• What to produce
I'd like the entries reproduced exactly, with the images omitted.

• Record extracts
********

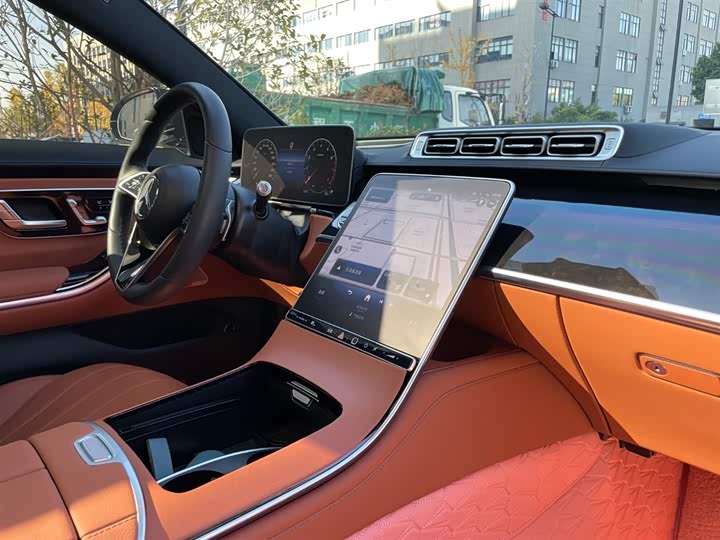 Mercedes-Benz S-Class 2024 2024款 S 400 L 豪华型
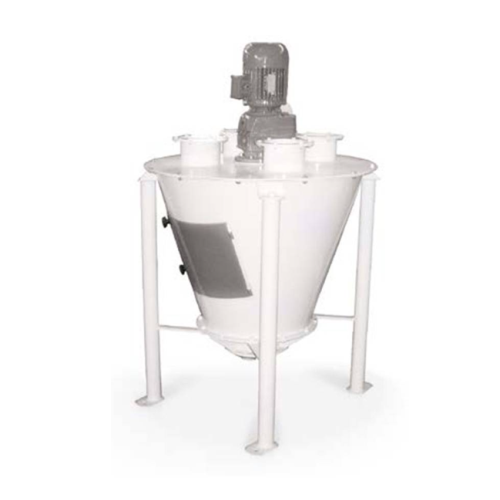 Flour distribution system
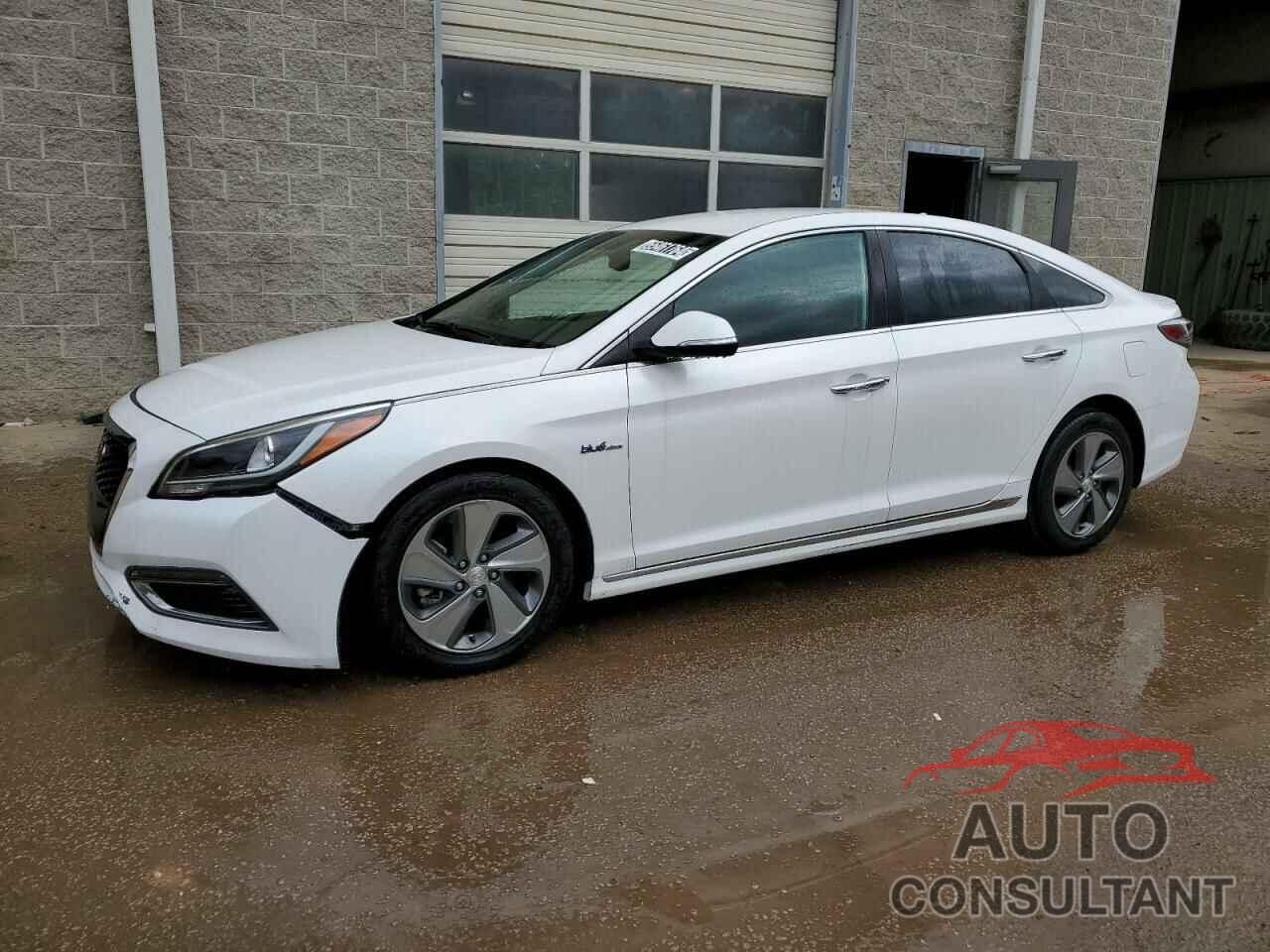 HYUNDAI SONATA 2017 - KMHE34L31HA066858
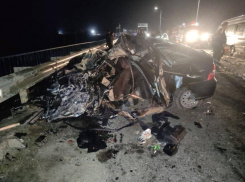 В жуткое ДТП с двумя погибшими попал автобус «Назрань — Ставрополь»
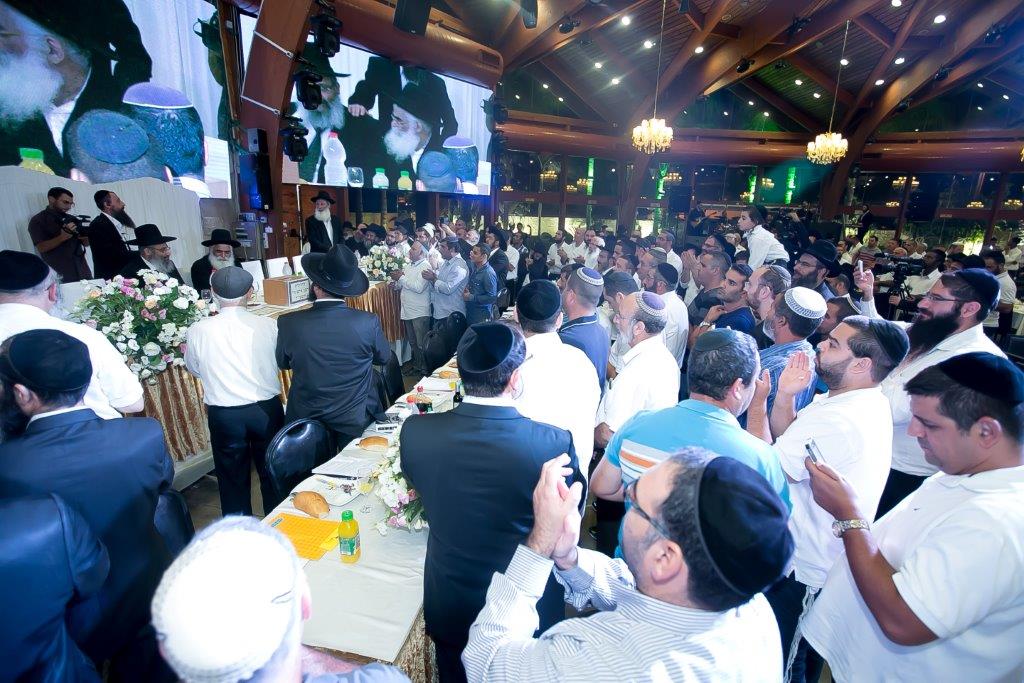 גלריה: הילולת הבן איש חי אצל הרב יורם אברג'ל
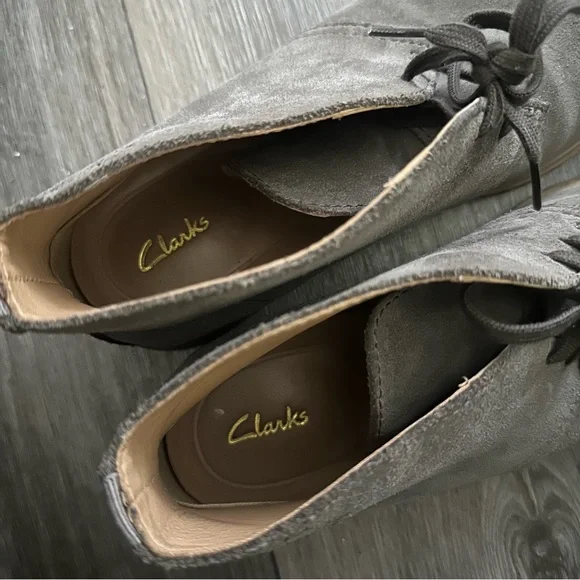 Clarks - Bara Men’s Shoes Suede - Picture 4 of 6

********

• Exercise response
 Mercedes-Benz S-Class 2024 2024款 S 400 L 豪华型
 Flour distribution system
 HYUNDAI SONATA 2017 - KMHE34L31HA066858
 В жуткое ДТП с двумя погибшими попал автобус «Назрань — Ставрополь»
 גלריה: הילולת הבן איש חי אצל הרב יורם אברג'ל
 Clarks - Bara Men’s Shoes Suede - Picture 4 of 6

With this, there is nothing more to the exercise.